BEGIN

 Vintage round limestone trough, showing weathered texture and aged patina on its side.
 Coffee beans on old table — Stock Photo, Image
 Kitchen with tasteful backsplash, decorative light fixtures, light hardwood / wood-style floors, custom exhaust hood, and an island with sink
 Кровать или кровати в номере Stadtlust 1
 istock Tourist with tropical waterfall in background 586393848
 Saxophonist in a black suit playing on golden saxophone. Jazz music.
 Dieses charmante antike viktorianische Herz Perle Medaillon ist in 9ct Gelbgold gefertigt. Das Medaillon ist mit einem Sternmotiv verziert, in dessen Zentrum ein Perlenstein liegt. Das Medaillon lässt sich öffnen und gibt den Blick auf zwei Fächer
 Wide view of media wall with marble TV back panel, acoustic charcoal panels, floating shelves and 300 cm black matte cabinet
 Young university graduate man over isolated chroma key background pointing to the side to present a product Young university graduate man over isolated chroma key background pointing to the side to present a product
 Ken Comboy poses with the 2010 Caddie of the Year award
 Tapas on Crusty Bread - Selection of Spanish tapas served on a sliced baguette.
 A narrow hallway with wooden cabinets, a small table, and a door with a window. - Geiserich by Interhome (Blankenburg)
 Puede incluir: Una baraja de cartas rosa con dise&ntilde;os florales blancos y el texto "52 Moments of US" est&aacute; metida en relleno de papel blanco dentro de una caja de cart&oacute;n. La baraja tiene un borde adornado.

END

Produce only the lines from the line containing "istock Tourist with" through the line containing "Dieses charmante antike", inclusive of both, exactly as they stand in the entries above.

 istock Tourist with tropical waterfall in background 586393848
 Saxophonist in a black suit playing on golden saxophone. Jazz music.
 Dieses charmante antike viktorianische Herz Perle Medaillon ist in 9ct Gelbgold gefertigt. Das Medaillon ist mit einem Sternmotiv verziert, in dessen Zentrum ein Perlenstein liegt. Das Medaillon lässt sich öffnen und gibt den Blick auf zwei Fächer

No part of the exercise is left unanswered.